Cocaine effects on striatal dynorphin and CART neuropeptides : association to mood disorder

Abstract

People take cocaine to elevate mood, but with repeated use and subsequent development of dependence, in paradox, a negative mood state is induced. This may be one reason for the strong comorbidity between cocaine dependence and mood disorders. A common substrate implicated in both disorders is the neurotransmitter dopamine. Alterations of the dopamine system lead to neuroadaptations, such as modulations of gene transcription in postsynaptic neurons.

This thesis work involved examination of mRNA expression of neuropeptides in dopamine-related systems and their response to cocaine administration. Specifically, the opioid neuropeptide dynorphin involved in the regulation of emotion and motor function and the novel neuropeptide cocaine and amphetamine regulated transcript, CART, were studied. The focus was on the striatum, a brain region critical for limbic and motor functions, which is affected by cocaine. In addition, behavioral disturbances in relation to the comorbidity between cocaine and mood disorders were investigated.

We found CART mRNA expression in the human brain to be highly expressed in brain regions implicated in cocaine abuse, including most target regions of the mesocorticolimbic dopamine pathway and regions in the striatopallidal circuitry. These findings support a putative role of this neuropeptide in the effects of cocaine. In agreement, we found CART mRNA expression to be regulated by acute cocaine administration in the rat.

The well documented up-regulation of prodynorphin mRNA following cocaine exposure was confirmed and expanded in this thesis. We demonstrated dose-dependent and temporal elevation of the prodynorphin mRNA in the dorsal striatum of monkeys that had self-administered cocaine. The limbic-related patches/striosomes were initially more sensitive to the induction of the prodynorphin gene transcription with a progression to the sensorimotor-related matrix after long-term, high-dose, cocaine self-administration. In contrast, we found reductions of the striatal prodynorphin and dopamine D1 receptor mRNAs following 10 days abstinence from repeated cocaine injections in the rat, suggesting a long-lasting alteration in the striatonigral pathway following cocaine exposure. The observed suppressed striatal prodynorphin mRNA levels following cocaine abstinence was matched in a genetic animal model of depression, the Flinders Sensitive rat line (FSL). The FSL rats exhibited reduced prodynorphin mRNA levels in the caudal striatum during basal conditions. These results imply a low striatal dynorphin tone during a negative mood state, which may be related to psychomotor retardation.

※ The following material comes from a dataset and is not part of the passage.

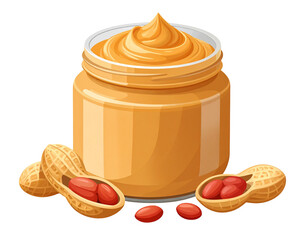 Creamy peanut butter in a glass jar with peanuts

The effects of cocaine on a depression genotype were investigated in the FSL rats. These animals acquired cocaine self-administration behavior at a similar rate as their controls, but we found a subtle reduction in cocaine reinforcement; cocaine intake was reduced at one dose in a dose-response curve. In addition, the FSL rats were low responders to novelty, which is associated with decreased vulnerability to addictive drugs. In contrast, the response to repeated cocaine administration indicated greater sensitivity to behavioral sensitization, as demonstrated by enhanced stereotyped behavior. Despite apparent motor differences the FSL rats showed a similar dopaminergic response in the nucleus accumbens shell to repeated cocaine administration, as measured by in vivo microdialysis. Taken together, the depression genotype was associated with behavioral differences in the response to cocaine. However, definite conclusions on the reinforcing efficacy of cocaine in the FSL rat will require further studies.